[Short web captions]
________

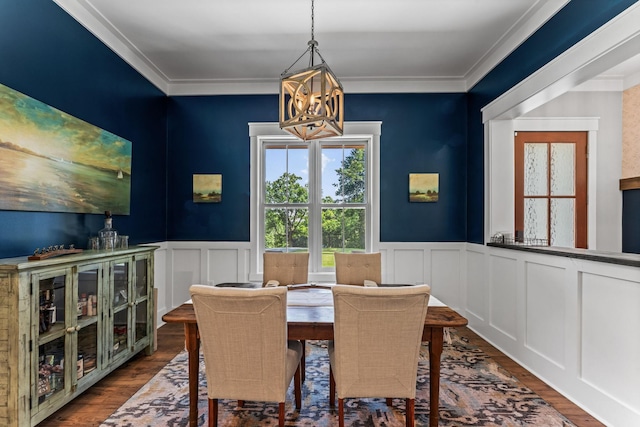 dining space featuring a notable chandelier, ornamental molding, and dark hardwood / wood-style floors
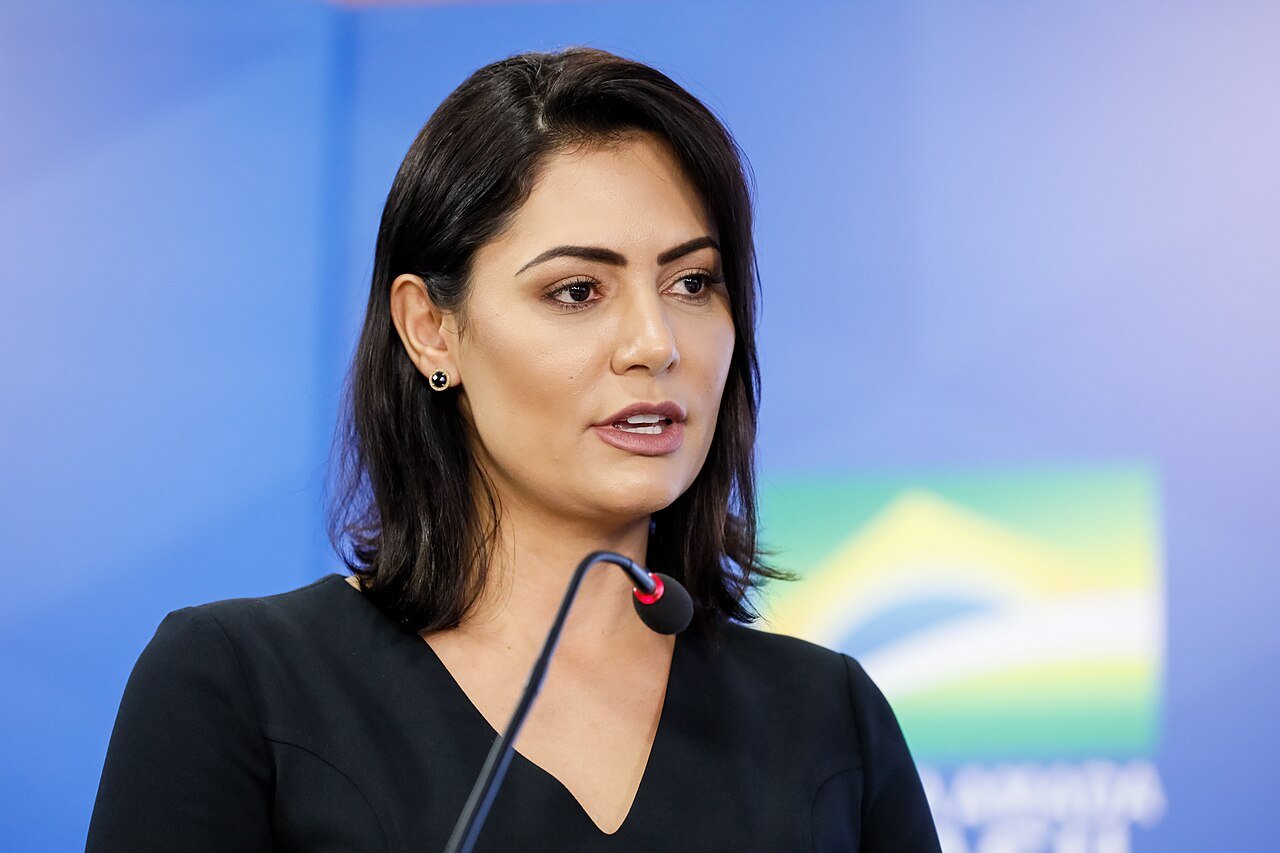 Michelle Bolsonaro fala ao microfone diante de um painel azul com a bandeira do Brasil ao fundo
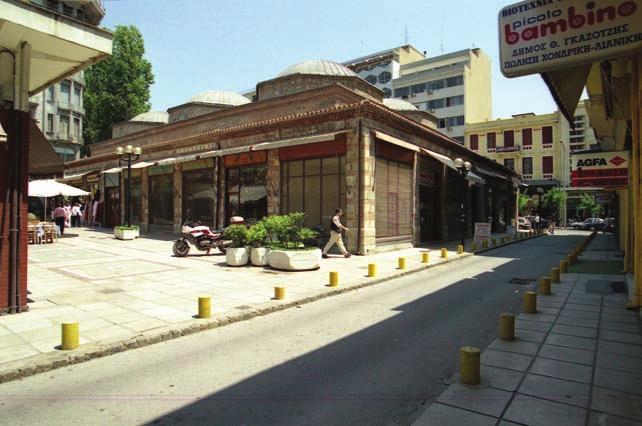 covered domes that correspond to the internal layout of the building. The stores located around the building were added in the early 20 th century.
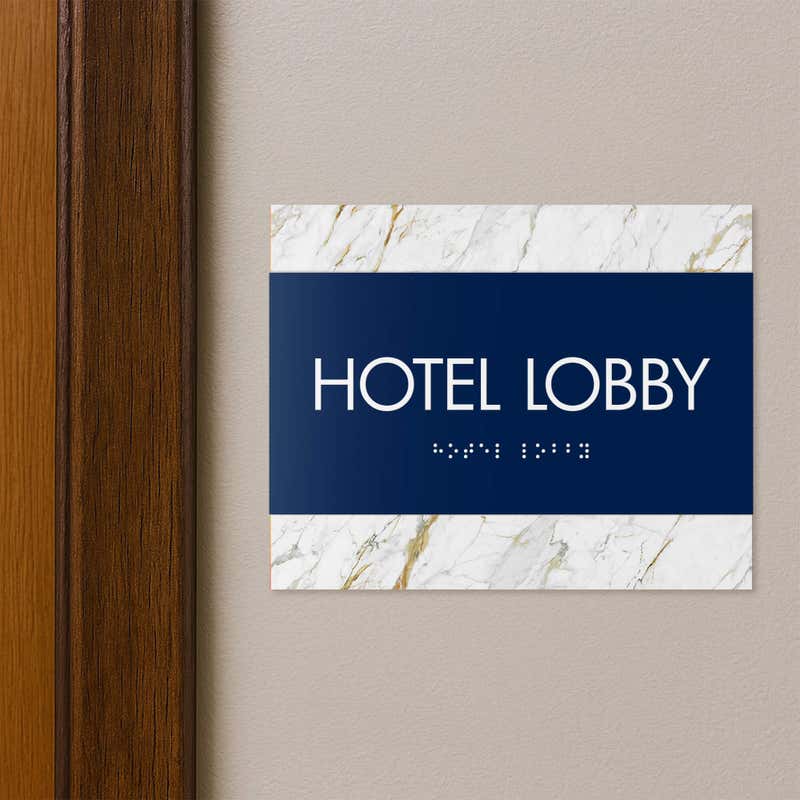A 2-layered horizontal ADA sign for a hotel lobby with a blue foreground and white marble background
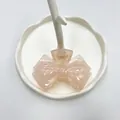 Pince à cheveux nœud rose translucide sur plateau en céramique blanche élégante - Orange Transparent Nœud Papillon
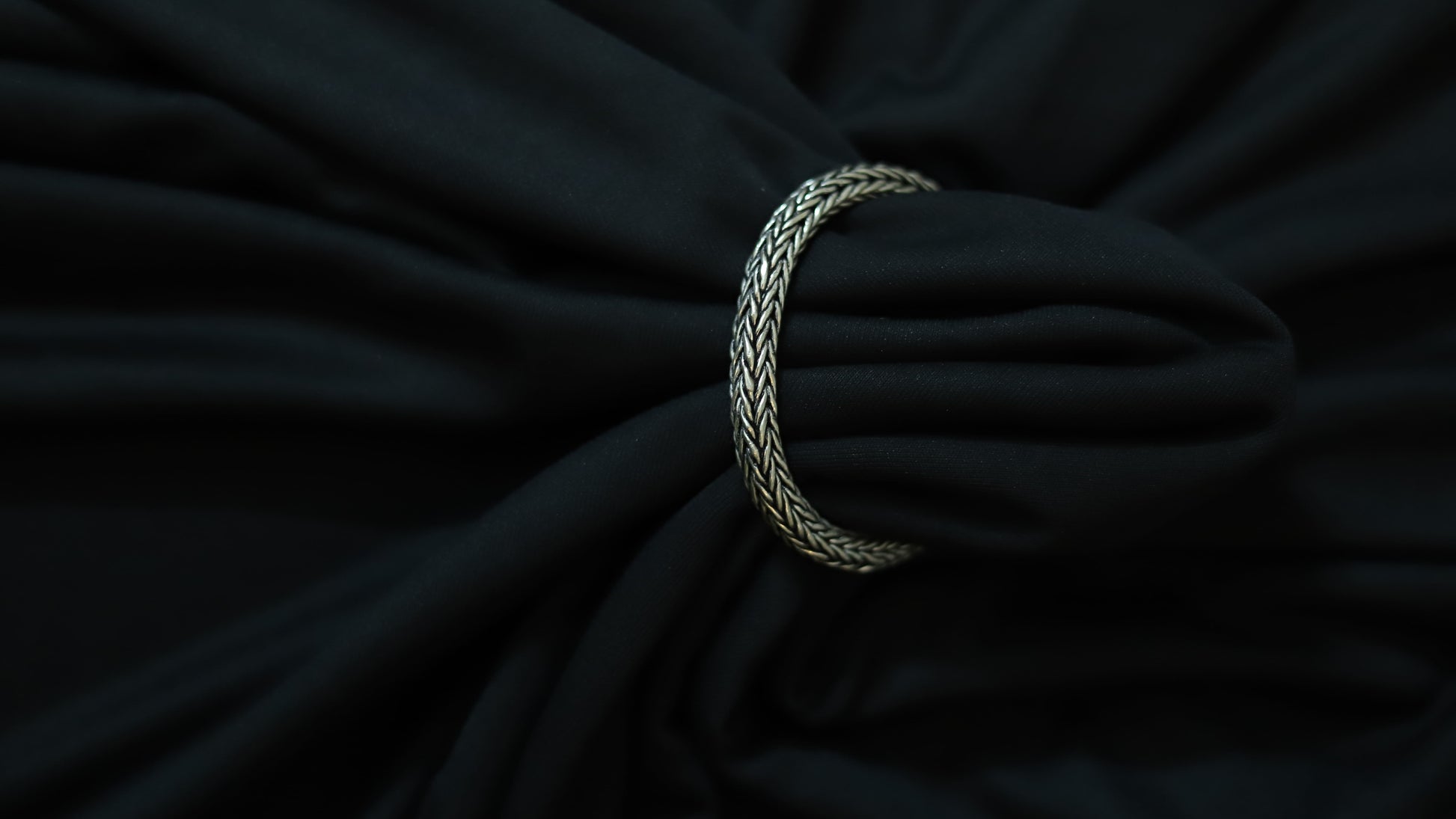 A silver braided ring or tie-back strap holding a black fabric bag or garment, shown in a close-up shot against a dark background.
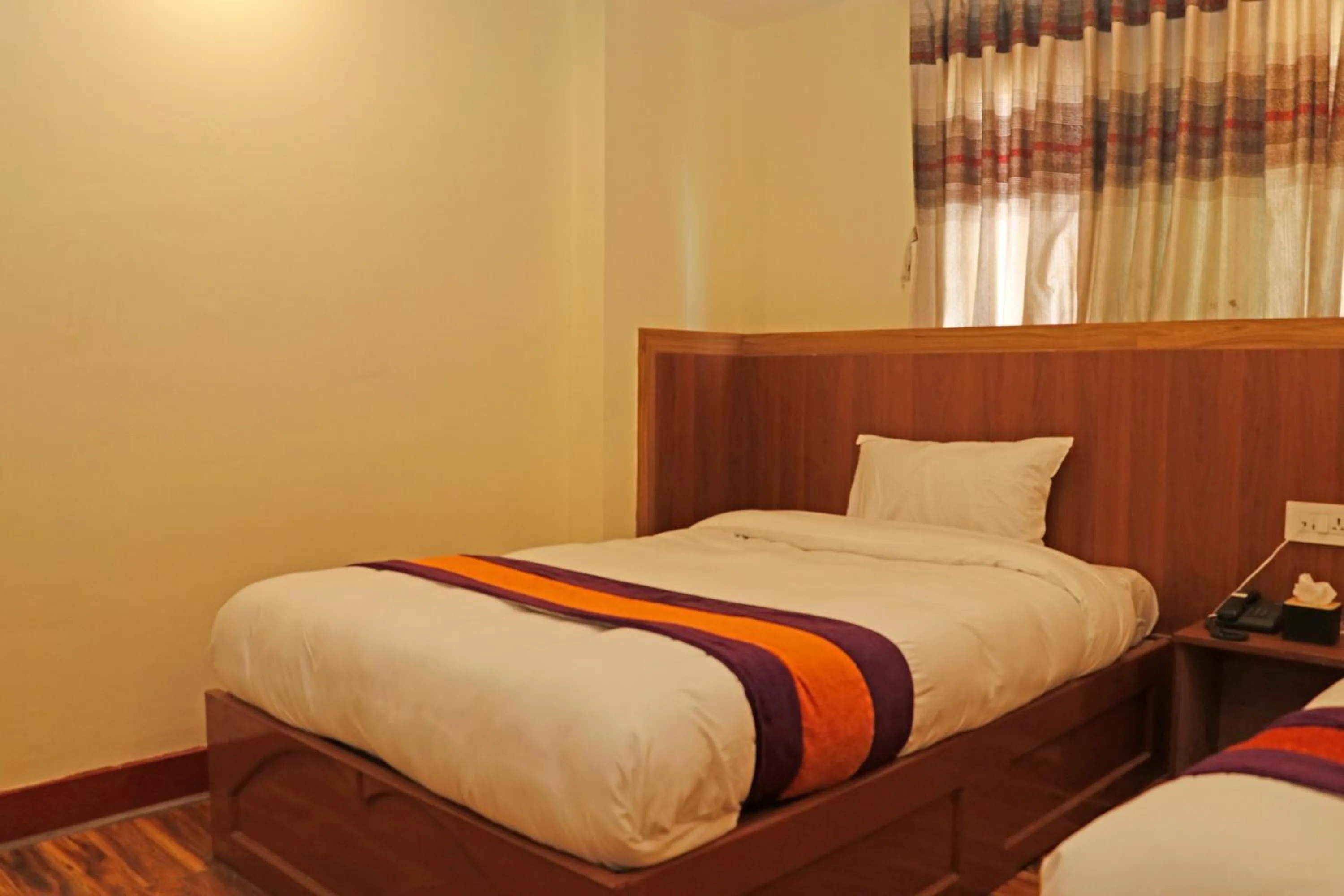 Bed in Hotel Himalayan BTS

________

> Your task: Please output the lines of the records above from the one with "covered domes that" through the last, exactly as they appear and with both ends included; skip any pictures and add nothing.

> Completed task:
 covered domes that correspond to the internal layout of the building. The stores located around the building were added in the early 20 th century.
A 2-layered horizontal ADA sign for a hotel lobby with a blue foreground and white marble background
 Pince à cheveux nœud rose translucide sur plateau en céramique blanche élégante - Orange Transparent Nœud Papillon
 A silver braided ring or tie-back strap holding a black fabric bag or garment, shown in a close-up shot against a dark background.
 Bed in Hotel Himalayan BTS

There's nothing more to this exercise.